Required action » Below is a block of records; reproduce all of them exactly and leave out any pictures.

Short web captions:
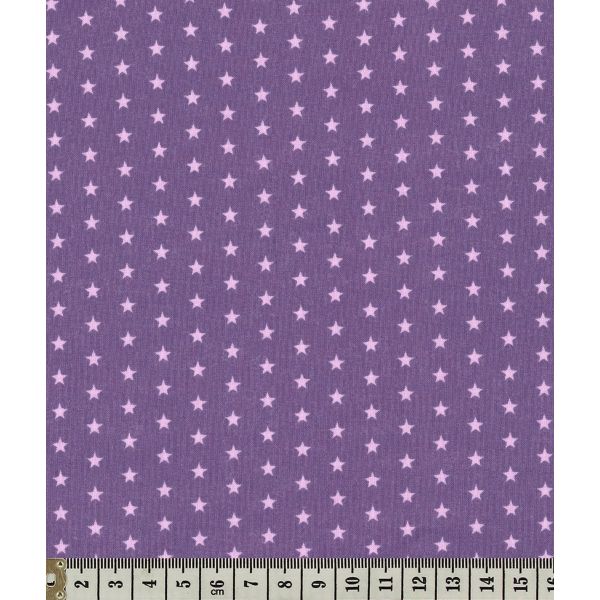 TISSU FROU-FROU ETOILES LAVANDE ROSEE FONCE 2900-0-105 image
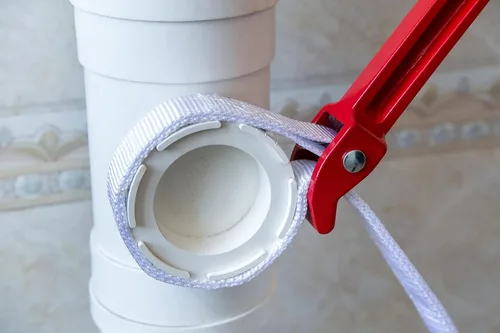 Vista 8 de Llave de correa multiusos de 12 pulgadas, llave de tubo ajustable, llave antideslizante, correa de nailon grueso de doble capa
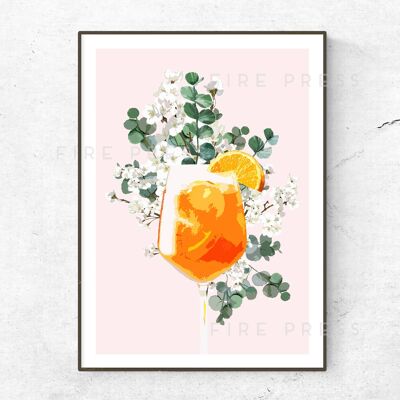 Póster de cóctel Aperol Spritz__A1 (23.4 "x33.1") / Naranja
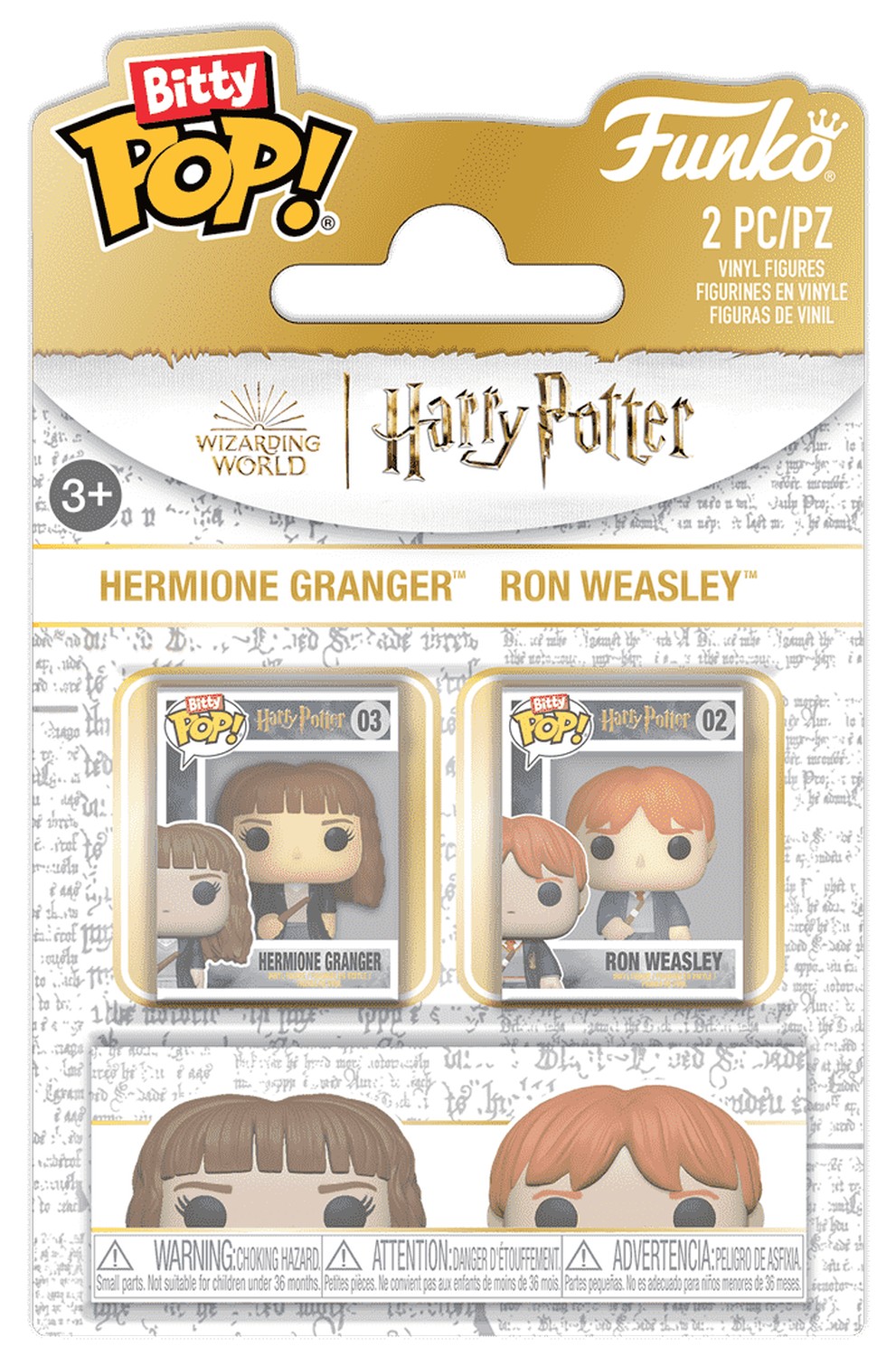 Set de mini figurine Funko Bitty POP! Movies: Harry Potter - Ron & Hermione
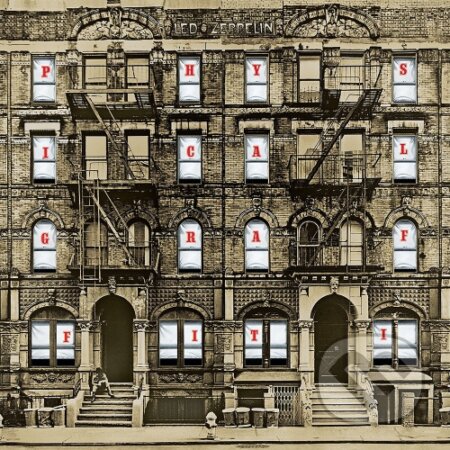 Hudební CD: Led Zeppelin: Physical Graffiti LP (Warner Music). Warner Music, 2015 Hudební CD: Led Zeppelin: Physical Graffiti LP (Warner Music). Warner Music, 2015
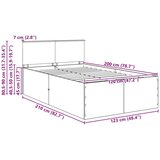  Okvir za krevet s uzglavljem Sonoma hrast 120 x 200 cm - sonoma hrast 120 x 200 cm | shoptok.hr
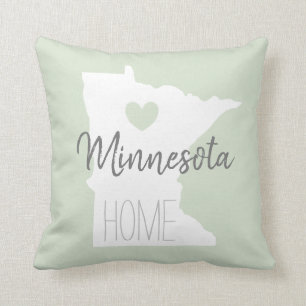 Coussin Minnesota State map love home
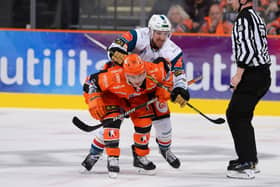 Ouch: Belfast Giants will get an early start to the season Pic Dean Woolley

Exercise solution »
 TISSU FROU-FROU ETOILES LAVANDE ROSEE FONCE 2900-0-105 image
 Vista 8 de Llave de correa multiusos de 12 pulgadas, llave de tubo ajustable, llave antideslizante, correa de nailon grueso de doble capa
 Póster de cóctel Aperol Spritz__A1 (23.4 "x33.1") / Naranja
 Set de mini figurine Funko Bitty POP! Movies: Harry Potter - Ron & Hermione
 Hudební CD: Led Zeppelin: Physical Graffiti LP (Warner Music). Warner Music, 2015 Hudební CD: Led Zeppelin: Physical Graffiti LP (Warner Music). Warner Music, 2015
  Okvir za krevet s uzglavljem Sonoma hrast 120 x 200 cm - sonoma hrast 120 x 200 cm | shoptok.hr
 Coussin Minnesota State map love home
 Ouch: Belfast Giants will get an early start to the season Pic Dean Woolley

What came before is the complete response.